To understand this escalation, one must return to the Monroe Doctrine. First articulated in 1823, the doctrine declared Latin America to be the exclusive sphere of influence of the United States, warning external powers against involvement in the region. While framed as an anti-colonial measure, it evolved into a mechanism for US imperial control, repeatedly invoked to justify interventions, coups, sanctions and regime-change operations throughout Latin America.

In this sense, Venezuela is not an exception but a continuation. The Monroe Doctrine remains alive — if not in name, then in practice. Venezuela’s socialist orientation, its refusal to submit to US economic orthodoxy, its decision to trade oil outside the dollar system and its alliances with US rivals all represent violations of an unwritten rule: Latin America must not chart an independent political or economic course.
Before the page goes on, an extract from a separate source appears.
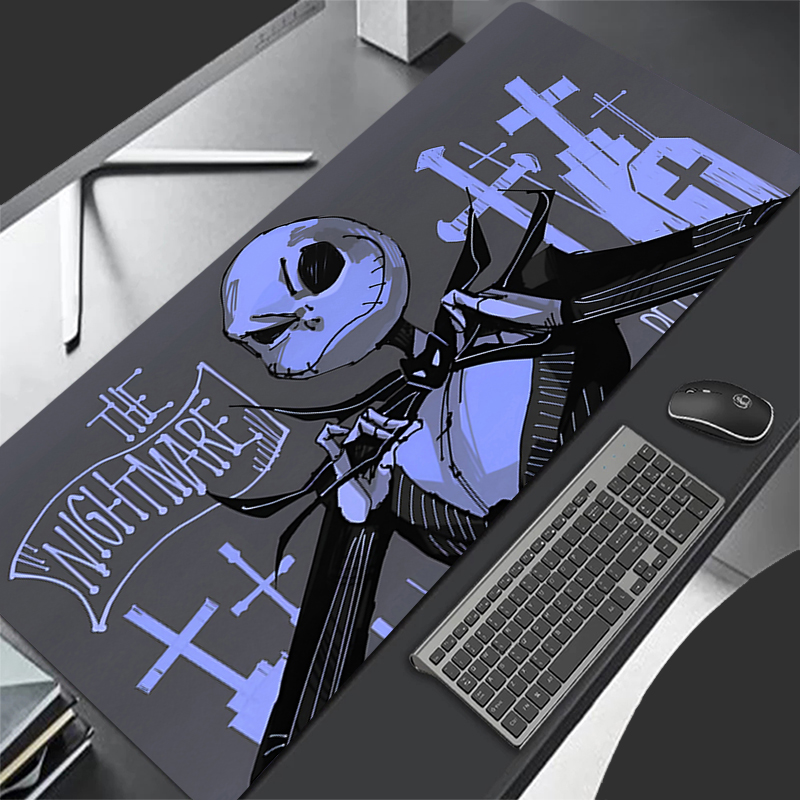 Mouse Pad rubber table Large G - Desk Setup Computer avaliação e preço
This directly conflicts with sovereignty under international law. The principle of state sovereignty is a cornerstone of the modern international legal order and is enshrined in Article 2(1) of the United Nations Charter, which affirms the sovereign equality of all states. Article 2(4) further prohibits the threat or use of force against the territorial integrity or political independence of any state, while Article 2(7) bars intervention in matters essentially within a state’s domestic jurisdiction.

Under international law, regime change, coercive economic measures and military intervention are unlawful unless authorised by the UN Security Council or undertaken in genuine self-defence against an armed attack. Political ideology, economic policy choices, migration pressures, or alliances with rival powers do not constitute lawful grounds for intervention. The selective invocation of “national security” to override these principles reflects not legality, but power.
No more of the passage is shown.